The proper goodness of things, in other words, is expressed only through accidents. Being and the Good are convertible, indeed, but they are said according to different rationes. Hence, what is being simply speaking is good in a qualified sense; whereas what is good simply speaking is, as such, being only in a qualified sense. 

The final cause, the cause of all causes, is first in intention but last in execution. It is attained only at the end, in a manner that is extrinsic, as it were, to the being or substance of a thing, though it proceeds from within. The attainment of the final cause, the final union with it, for the sake of which a being exists, towards which it is wholly and entirely oriented - this is something "merely accidental." Union with the end is a perfection that is added to the being of a thing. It is not essential to it. Nonetheless, it is its proper perfection - certainly in a way that is determined by the inner substance of the thing, as an actuality is only the actuality of a specific potency. A particular being has specific potencies for specific actualities - i.e. for specific perfections. The attainment of these perfections is indeed desired by the thing according to its own, inner, substantial nature. But the attainment of the end is not itself the substantial nature of the thing. The attainment of the end is an accident of the being that attains the end.

Especially is this true of man, for whom, above all other creatures (besides the angels), his perfection comes from outside of him (although, again more than all other creatures, the potency for this perfection is indeed within him); and he must proceed from within himself towards what is outside, transcendent, Other, in order to be united to the Good, which is his own good. The attainment of perfection is a matter of ecstasy, which is going outside of oneself. A human person is not a subsistent relation; but he is saved only by entering into a relation.

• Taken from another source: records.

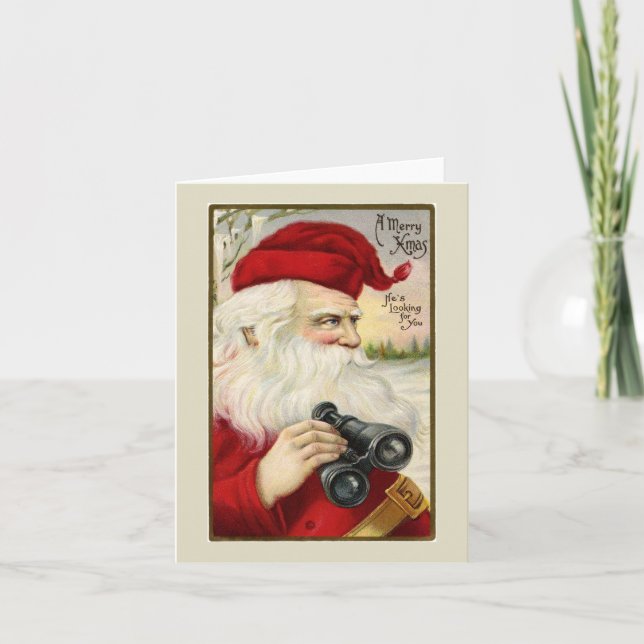 Vintage Santa Holding Binoculars Note Card Helgkort (Framsida)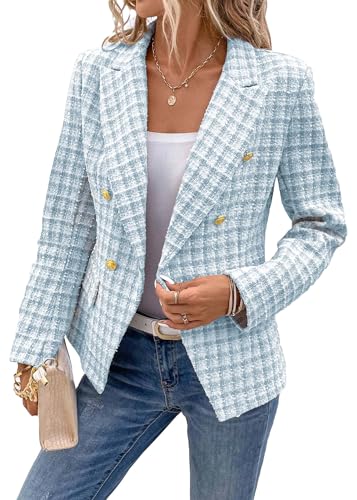 Mina Self 2025 Fall Women's Tweed Plaid Blazer Jacket - Fashion Slim Fully-Lined Double-Breasted Casual Work Coat (Pockets)3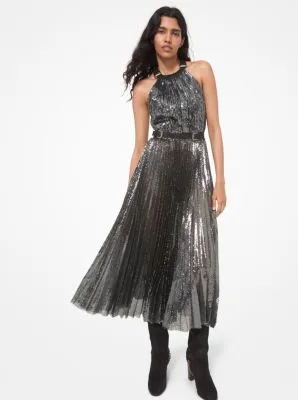 Leather Trim Sequined Tulle Dress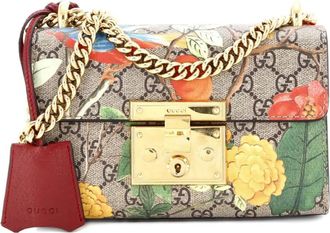 Gucci Padlock Shoulder Bag Tian Print GG Coated Canvas Small crossbody bag - Bruin
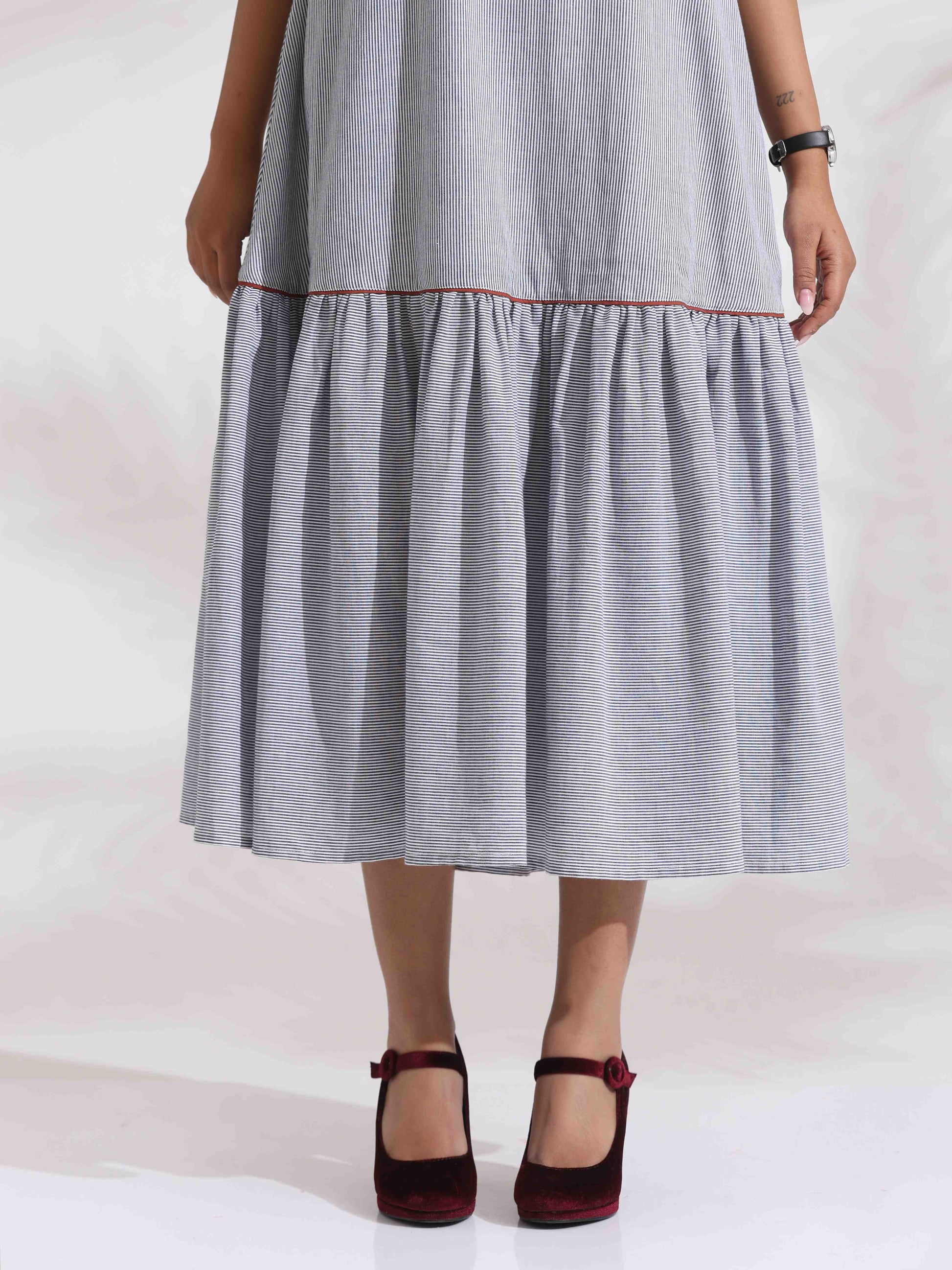 trueBrowns trueBrown Grey Cotton Stripe Tier Dress | Swadesiicart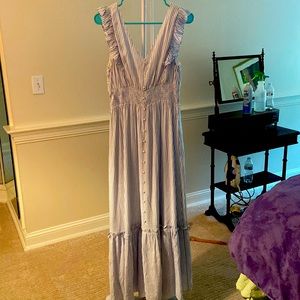 Blue and white stripped maxi dress gathered waist tie back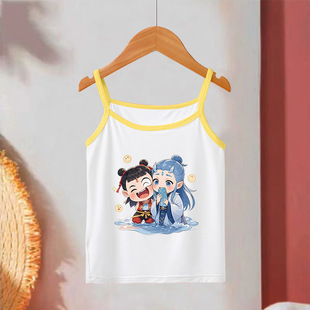 Girls' Pure Cotton Children's Nezha Ao Bing Vest Summer New Style Baby Girl Chinese Trendy Sleeveless Tank Top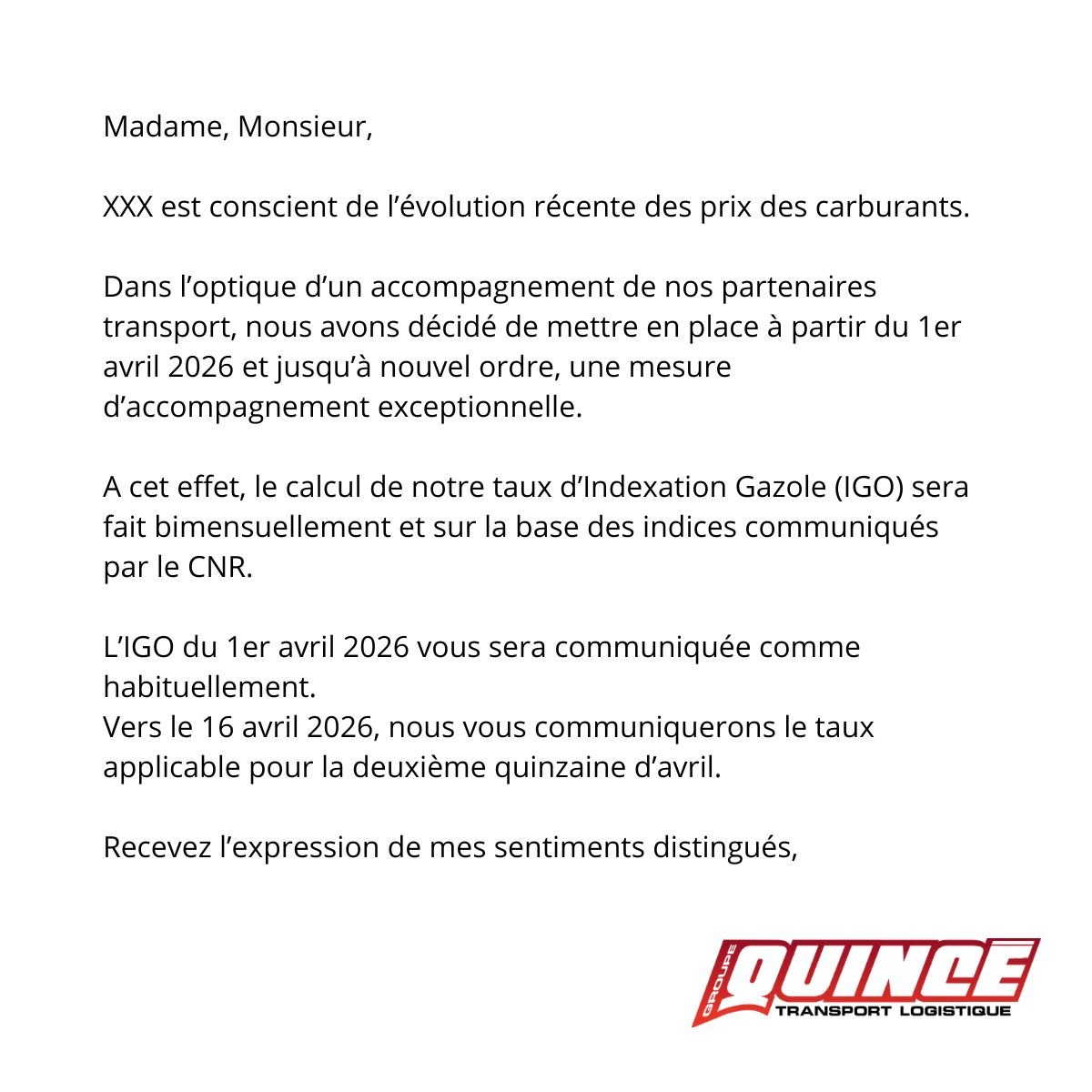 Courrier d'un client QUINCÉ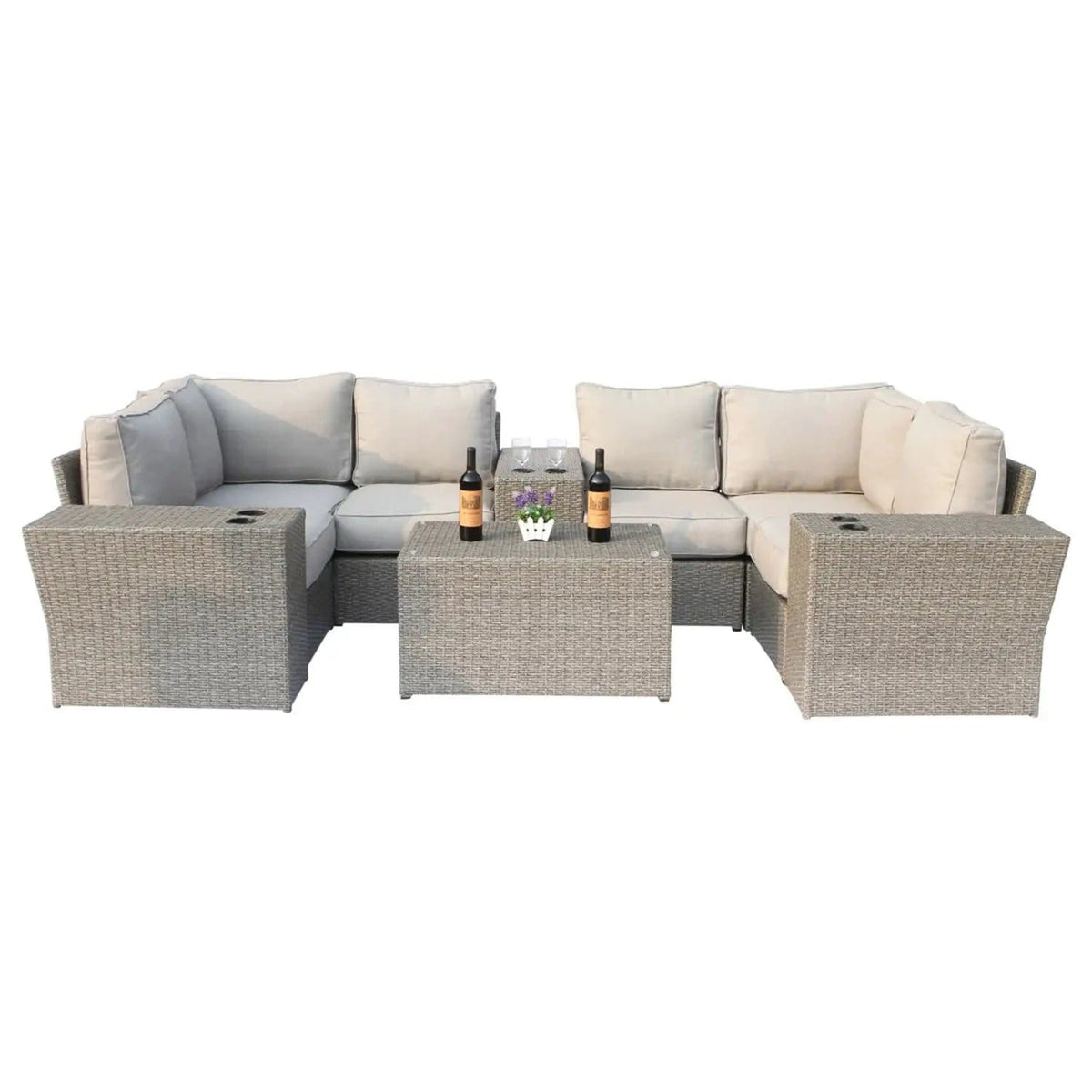 Wicker Outdoor Sectional With Weather Resistant Cushions And Table 2 Piece Outdoor | 2 Piece Outdoor Set | Wicker & Aluminum | Living Room
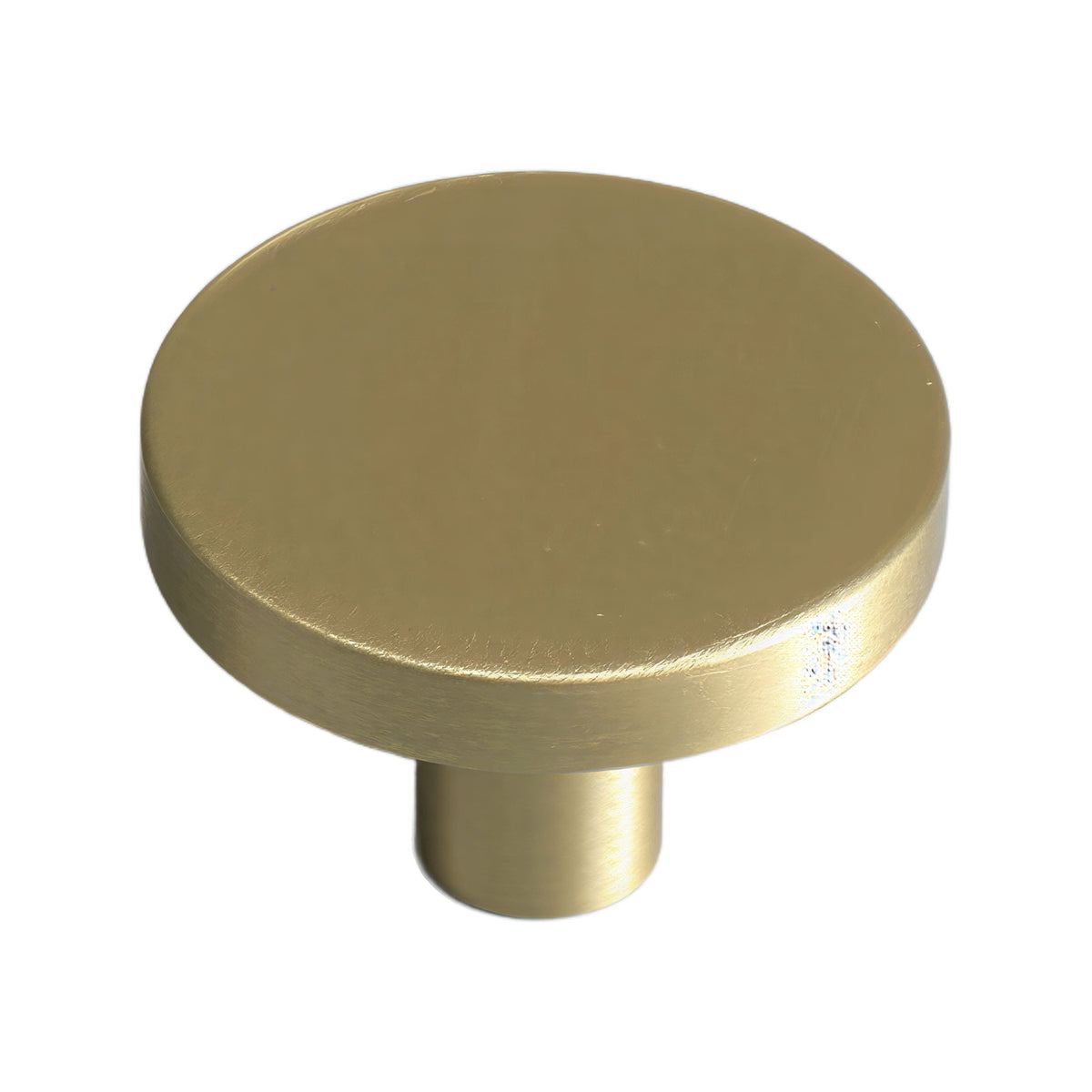 Brushed gold-tone flat round cabinet knob with a smooth face, option No. 8.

Man is saved by accidents. Virtues are accidents of the soul. Knowledge is an accident of the soul. Grace is an accident of the soul. The light of glory is an accident of the soul. The Church is an accidental unity. The forms of the Sacraments are accidental unities. We are united to our neighbors in an accidental unity, by the virtue of charity. Our own attainment of our final end, union with God Himself, is an accident of the soul. Suddenly, contrary to all of our initial intuitions, the best and most important things in life come to us in the form of accidents; suddenly we owe the most reverence to things which are accidental - second only to what we owe to God. Without all these accidental things, human life would not only be utterly pale, boring, minimalistic, and iconoclastic; it would also be destined only for death.